§ **WHAT TO DO**
Set the data down again, exactly as it reads, but without the pictures.

[Records contained in a dataset]

··········

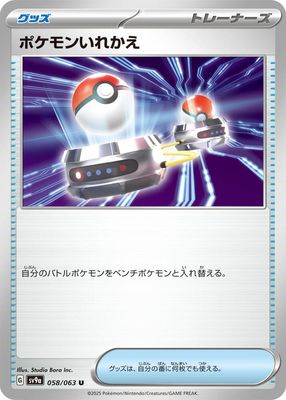Switch - SV9a: Heat Wave Arena (SV9a) SV9a: Heat Wave Arena Japones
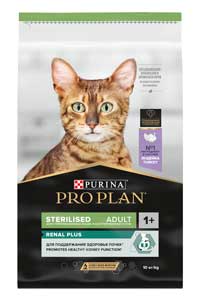 PROPLAN - Pro Plan Hindi Etli Kısırlaştırılmış Kedi Maması 10kg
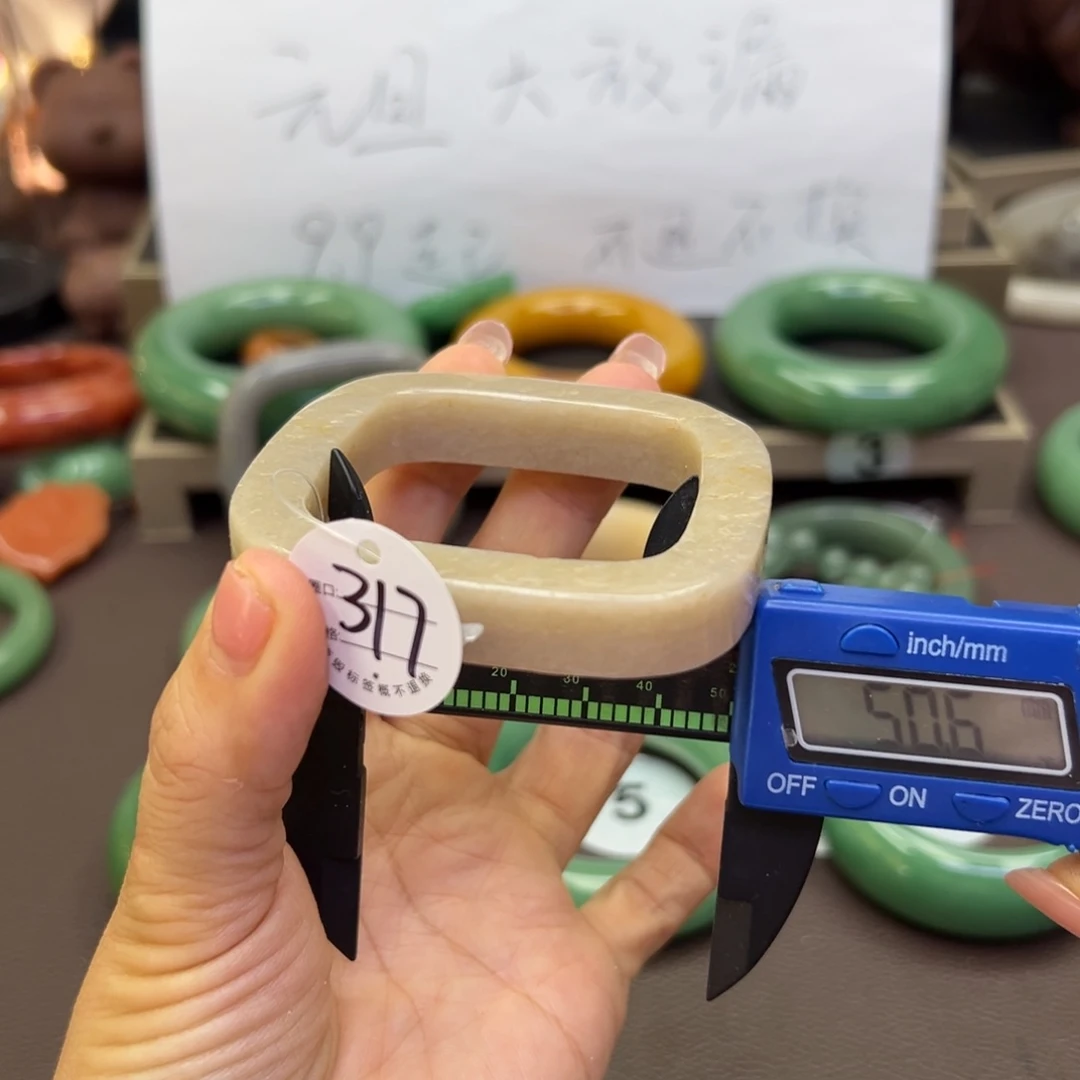 未镶嵌手镯石英岩玉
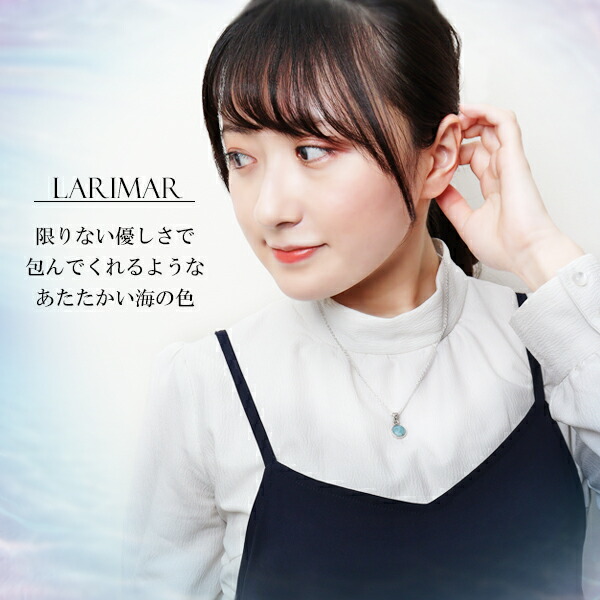 楽天市場】ラリマー シルバー ネックレス ラウンド 天然石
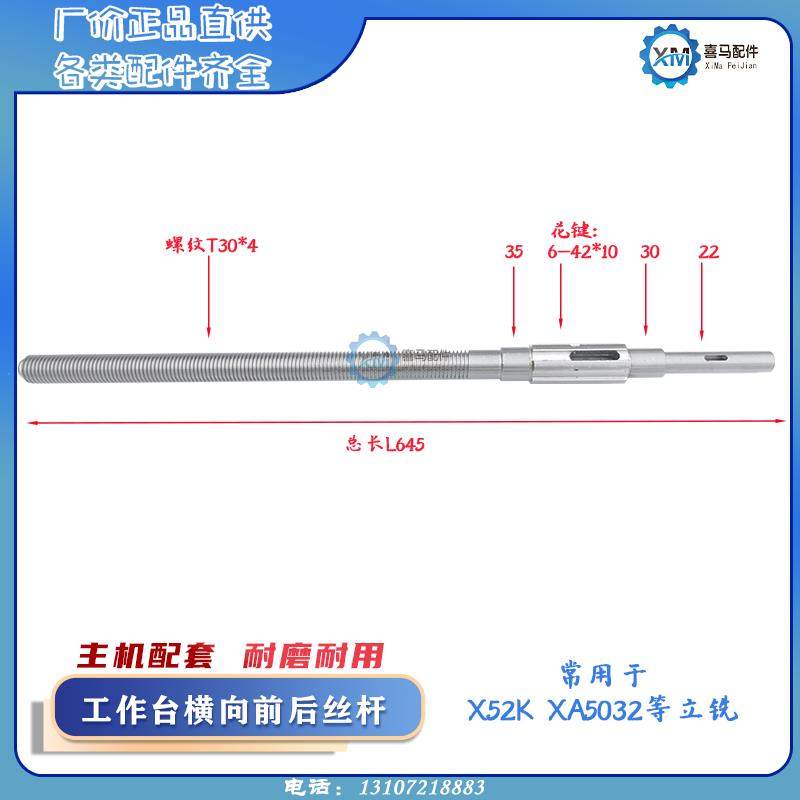 北京南通长征X62 63W X52K 5032 6132铣床横向丝杆丝杠座托架螺母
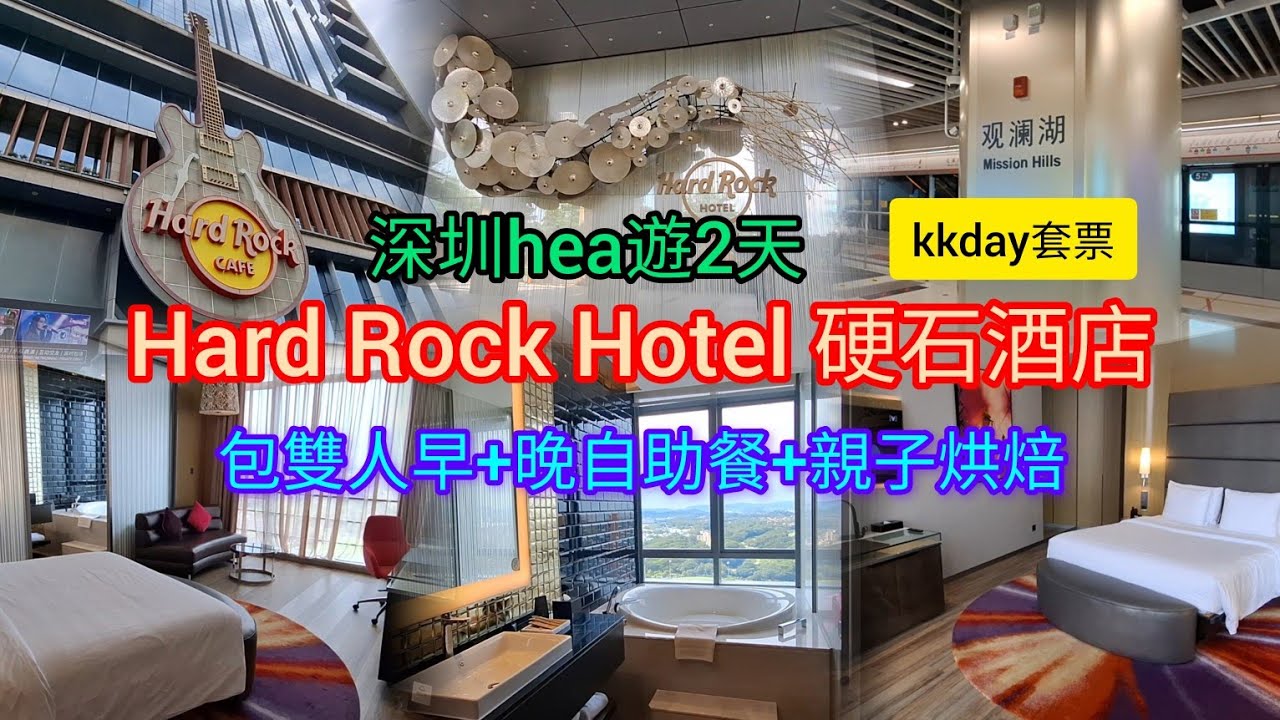 深圳hea遊2天 | 入住~Hard Rock Hotel 硬石酒店 | 包雙人早+晚自助餐+親子烘培 | kkday套票 | 地鐵4號線~觀瀾湖站D出口直達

··········

§ **SOLUTION TO THIS EXERCISE**
Switch - SV9a: Heat Wave Arena (SV9a) SV9a: Heat Wave Arena Japones
 PROPLAN - Pro Plan Hindi Etli Kısırlaştırılmış Kedi Maması 10kg
 未镶嵌手镯石英岩玉
 楽天市場】ラリマー シルバー ネックレス ラウンド 天然石
 北京南通长征X62 63W X52K 5032 6132铣床横向丝杆丝杠座托架螺母
 深圳hea遊2天 | 入住~Hard Rock Hotel 硬石酒店 | 包雙人早+晚自助餐+親子烘培 | kkday套票 | 地鐵4號線~觀瀾湖站D出口直達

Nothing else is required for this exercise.